Back in August, London aptly used its Olympic opening and closing ceremonies to demonstrate how the English world—from Shakespeare to the Spice Girls—dominates global culture. That the Paralympics have so captured the public’s interest reveals another Western achievement. As the London press has noted, as recently as World War II, many of today’s Para-athletes wouldn’t have existed—not just as swimmers or tennis players, but as human beings. People with crippling birth defects or war wounds would have been left to die, partly because of the limits of medical science, but also because the world seemed to have no place for them. Today, “victims”—including Martine Wright, a sitting-volleyball player who lost her legs in London’s 7/7 transit bombings of 2005, and Joe Townsend, an Ironman triathlete who lost his legs fighting for Britain in Afghanistan—not only live, but excel.

Aging baby boomers might watch the Paralympics with interest. It really does matter what company makes your wheelchair and where and how. Just as medical engineering can make or break an athlete’s performance by allowing for faster turns, it will shape quality of life for millions of Westerners who find their physical capacities diminished with age.

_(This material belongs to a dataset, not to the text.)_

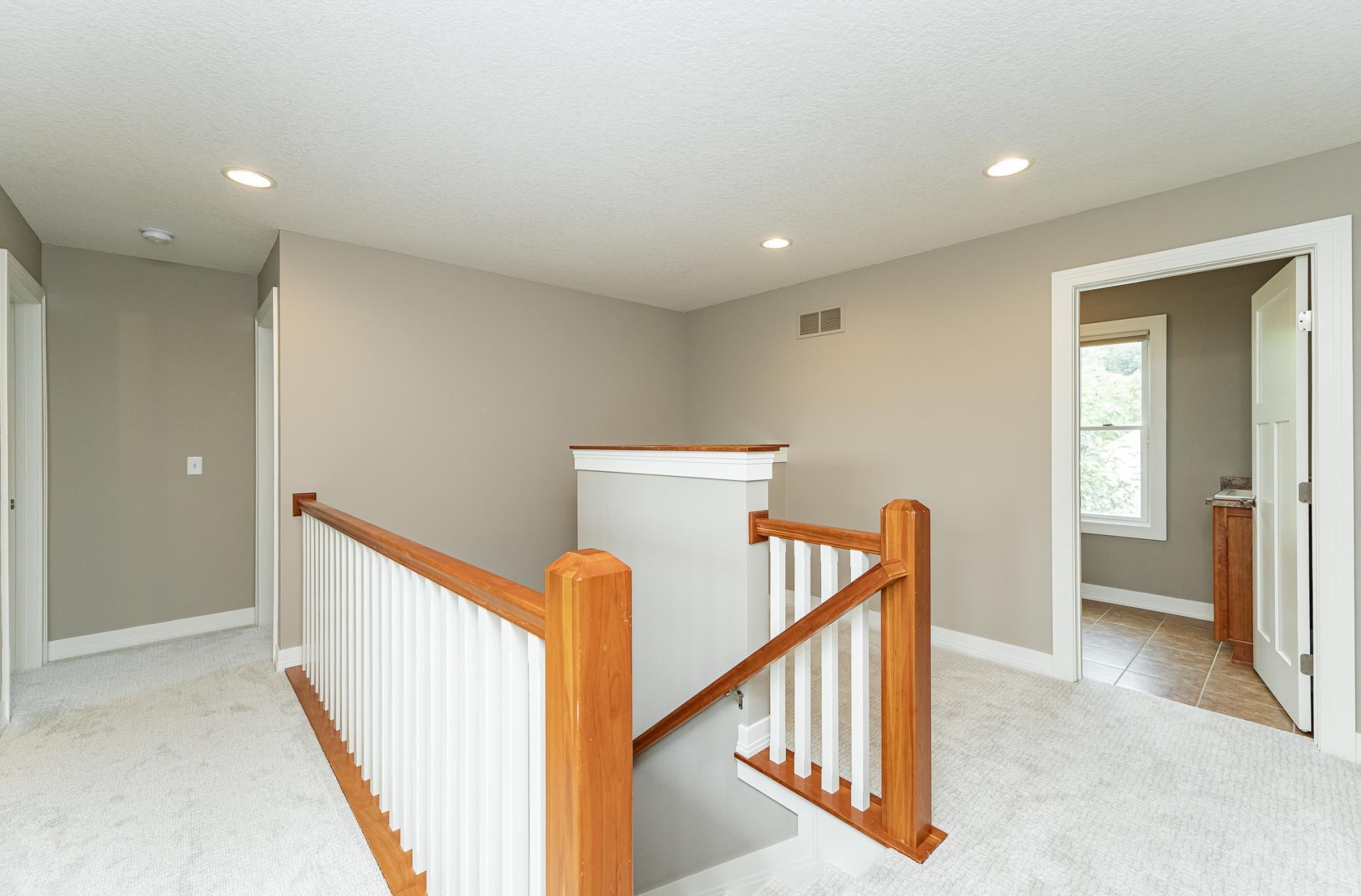 Rochester, Minnesota, 55902, United States, 6 Bedrooms Bedrooms, ,4 BathroomsBathrooms,Residential,Active,1888994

Londoners’ rapt attention, then, is healthy and long overdue. Parents understandably teach their children not to point or stare at a person with an obvious physical disability. But that ingrained impulse means that many of us reflexively ignore not only the chair, but also the person in it. The Paralympics are an invitation to watch, ask, and learn. As people have asked questions, the press and the athletes have obliged with answers. How is it that a person who can’t walk can control a horse? How can a person propel herself in a pool using only her legs? With knowledge and familiarity come respect and admiration. Viewers watching women’s swimmers on TV in a London bar last Thursday were marveling not at a freak show, but at physical prowess.

Moreover, medical advancement requires great wealth, public and private. Here, too, the Paralympics are a better measure of the civilized West’s achievements than were the August Olympics. London’s Independent pointed out the disparity in advantage “between the disabled athletes of the First and Third Worlds whose wheelchairs, prosthetics, and other equipment as they paraded round the stadium were clearly of varying quality.” As the Financial Times concurred, “equipment-intensive sports such as cycling, rowing and wheelchair basketball [are] heavily dominated by wealthier nations.”

While Londoners can’t avoid the games even if they want to, Americans must sift through websites to find profiles of members of their home team, or dig deep into the sports pages to find win and loss tallies. Paralympians can be grateful that London possesses a free, inquisitive, and competitive press that isn’t ashamed to give people what they want: news of the world all around them.